1983 role-playing game supplement

Elves is a supplement for fantasy role-playing games published by Mayfair Games in 1983.

==Contents==
Elves is a supplement describing elven characters and the various elven cultures, history, and gods. With six scenarios for elf characters, levels 4-7, one for each type of elf: wood elves, grey elves, dark elves, high elves, etc.

==Publication history==
Elves was written by Cheron Fitzgerald Carr and Delbert Carr, Jr., with Daniel Greenberg, Anne Jaffe, and Sam Shirley, with a cover by Janny Wurts, and was published by Mayfair Games in 1983 as a 96-page book.

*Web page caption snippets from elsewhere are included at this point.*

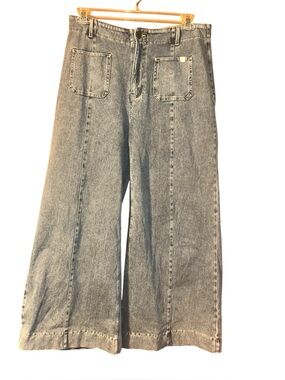 Halara Flex High Waisted Pockets Washed Casual Wide Leg Jeans Large 12/14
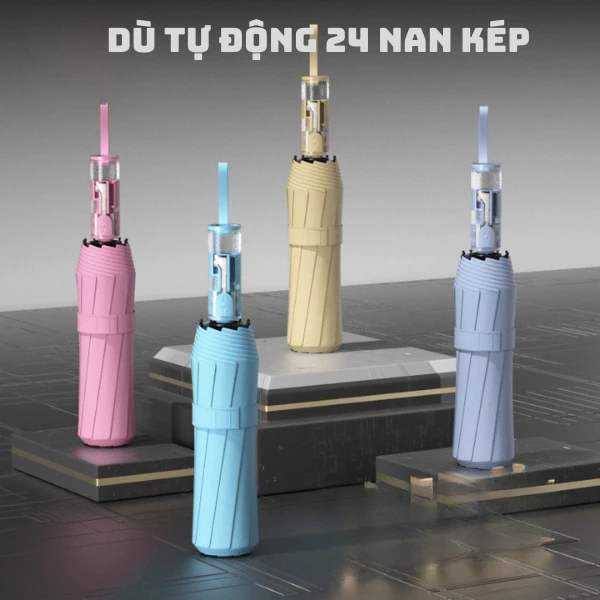 Ô Che Mưa Dù Che Nắng Gấp Gọn Cầm Tay Tự Động Thủ Công Chống Lật Cản UV  8&12 nan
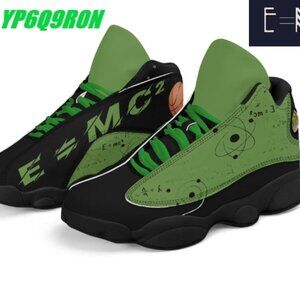 E=M/C2 Ballers Edition Men's Green PU Leather Basketball Shoes sneakers active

A second printing was published in 1985.

After the publication of Dwarves, the fourth Role Aids supplement, according to Shannon Appelcline, Mayfair Games "published additional AD&D Role Aids supplements quickly and in volume. The line featured many adventures as well as an increasing number of source books, including race- and class-related books like Dark Folk (1983), Wizards (1983) and Elves (1983). Each product proudly proclaimed its use with AD&D, though the disclaimer was soon moved to the back cover."

==Reception==
Robert Dale reviewed Elves for White Dwarf #57, giving the book a rating of 3 out of 10 overall. He called Elves "execrable, excruciating and extortionate", stating that "the price should dissuade any self-respecting gamer" from buying it. He felt that the purpose of the book, to aid roleplaying, is negated by the pseudo-scientific style in which the material is presented. He found that the adventures in the book were not specifically designed for elves. Dale concluded that Elves was a "merely amateur" rehashing of "widely current material lacking the redeeming features of a coherent setting or adequate presentation."